Task statement ▸ Retype the lines below exactly, but only those from the line that has "Richard Mille RM47" through the line that has "Mapa V domkách - Firmy v ulici.". Omit every picture.

(Short descriptive text snippets)
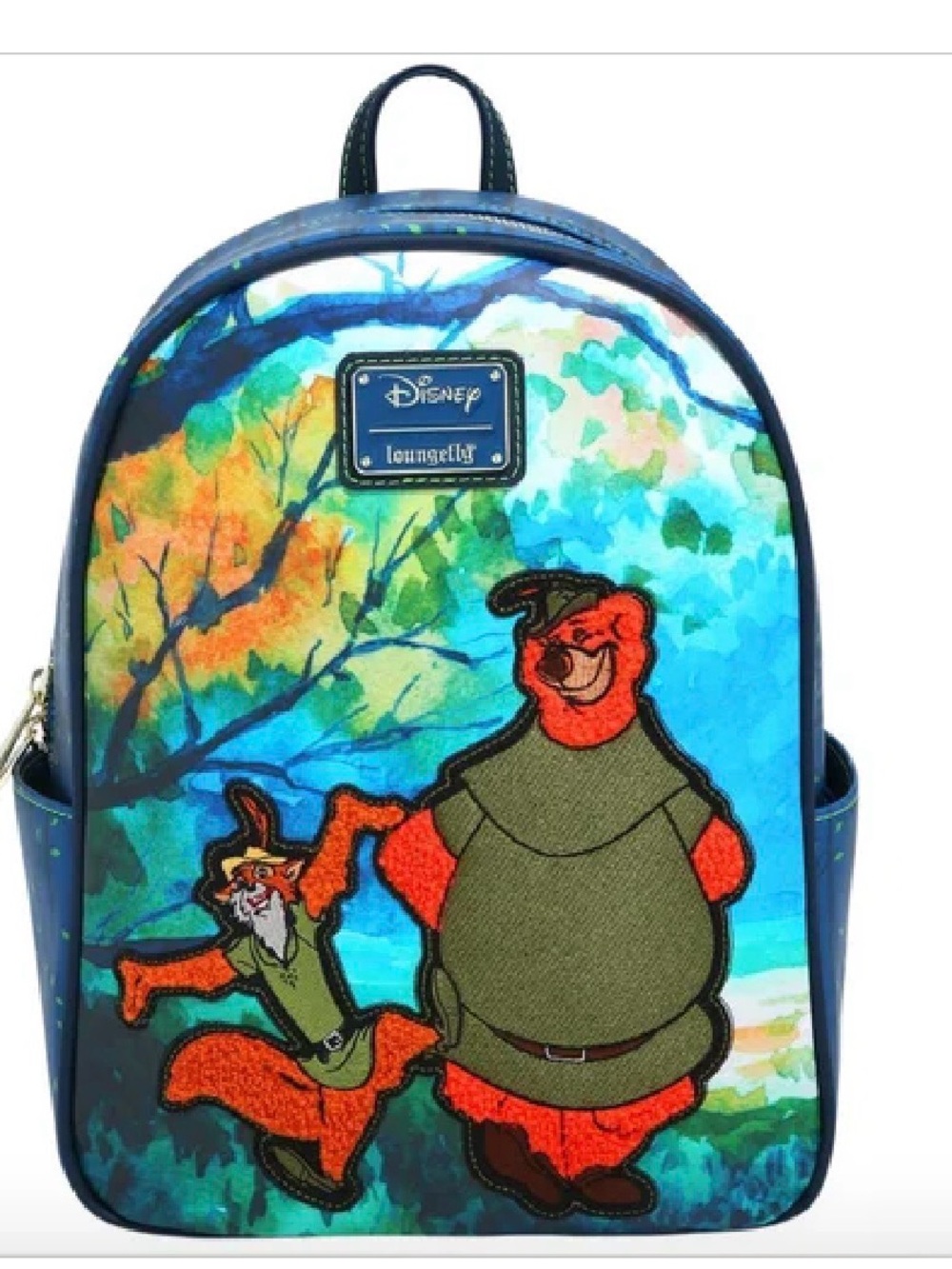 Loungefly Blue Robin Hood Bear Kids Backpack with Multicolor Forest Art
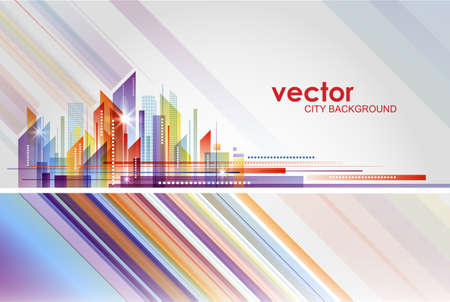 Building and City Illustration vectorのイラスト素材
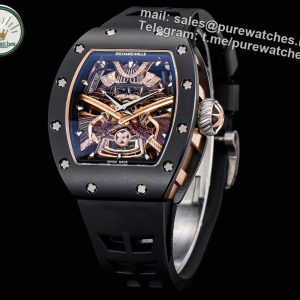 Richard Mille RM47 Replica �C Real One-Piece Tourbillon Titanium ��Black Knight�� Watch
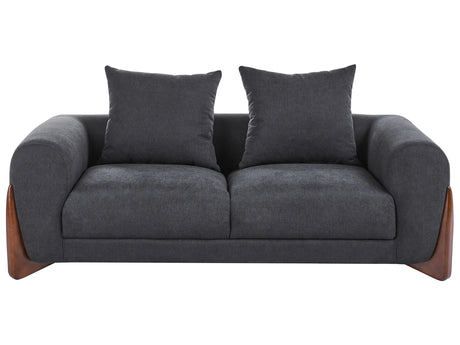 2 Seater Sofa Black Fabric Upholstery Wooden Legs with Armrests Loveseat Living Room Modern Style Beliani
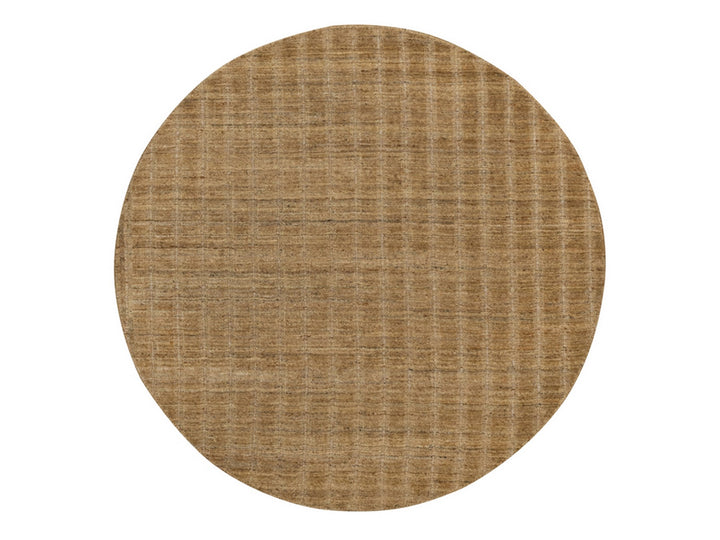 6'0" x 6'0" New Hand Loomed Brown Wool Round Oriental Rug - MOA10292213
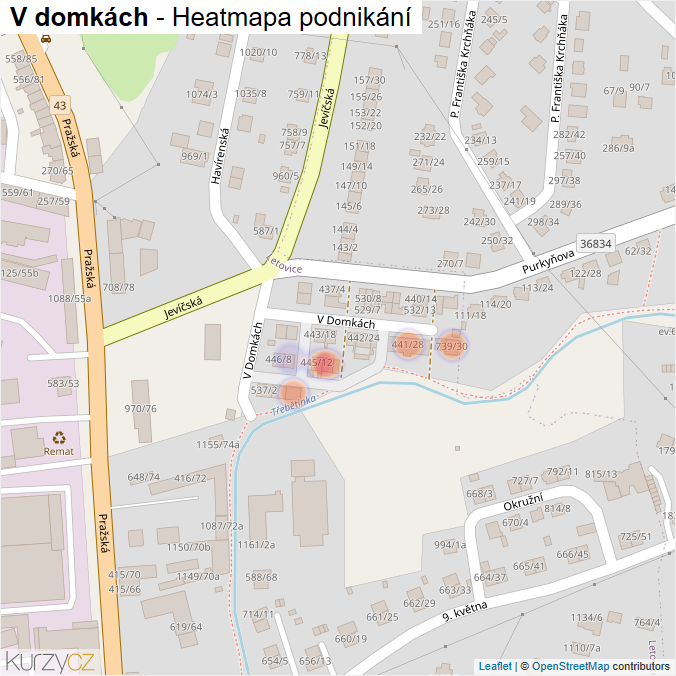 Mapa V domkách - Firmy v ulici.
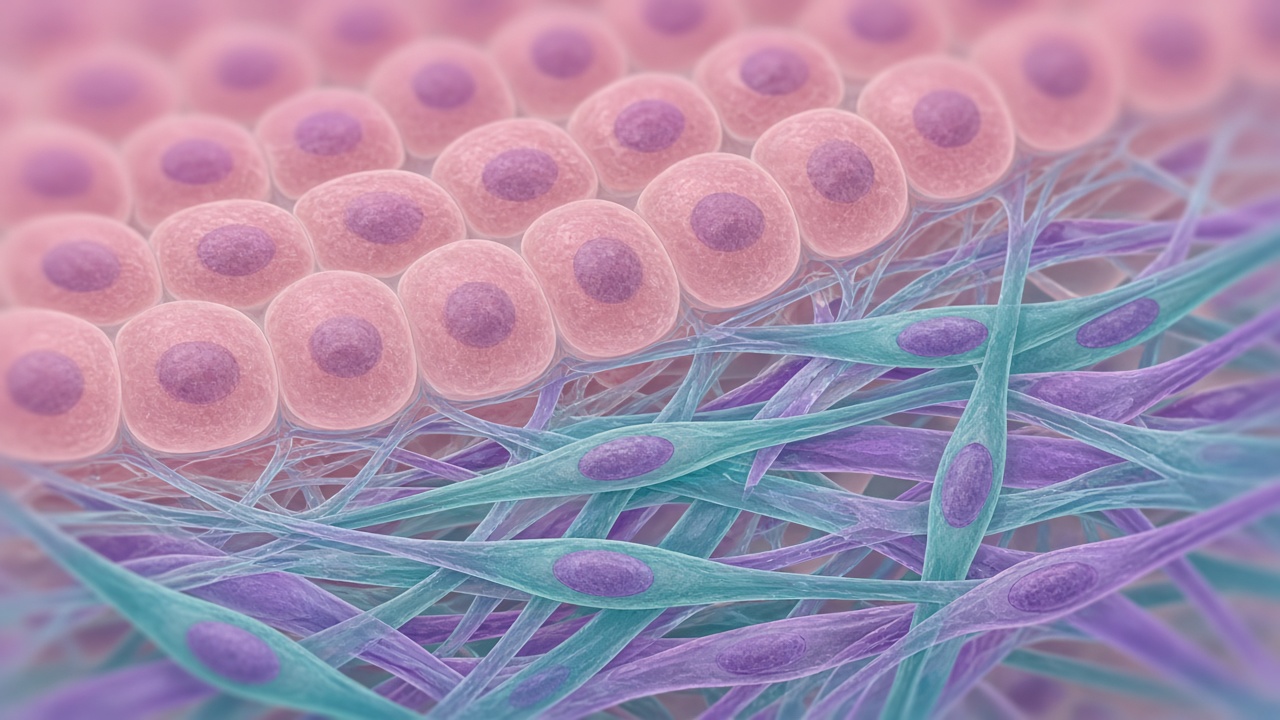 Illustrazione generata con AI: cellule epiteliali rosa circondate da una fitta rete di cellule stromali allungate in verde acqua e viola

Result below ▸
 Richard Mille RM47 Replica �C Real One-Piece Tourbillon Titanium ��Black Knight�� Watch
 2 Seater Sofa Black Fabric Upholstery Wooden Legs with Armrests Loveseat Living Room Modern Style Beliani
 6'0" x 6'0" New Hand Loomed Brown Wool Round Oriental Rug - MOA10292213
 Mapa V domkách - Firmy v ulici.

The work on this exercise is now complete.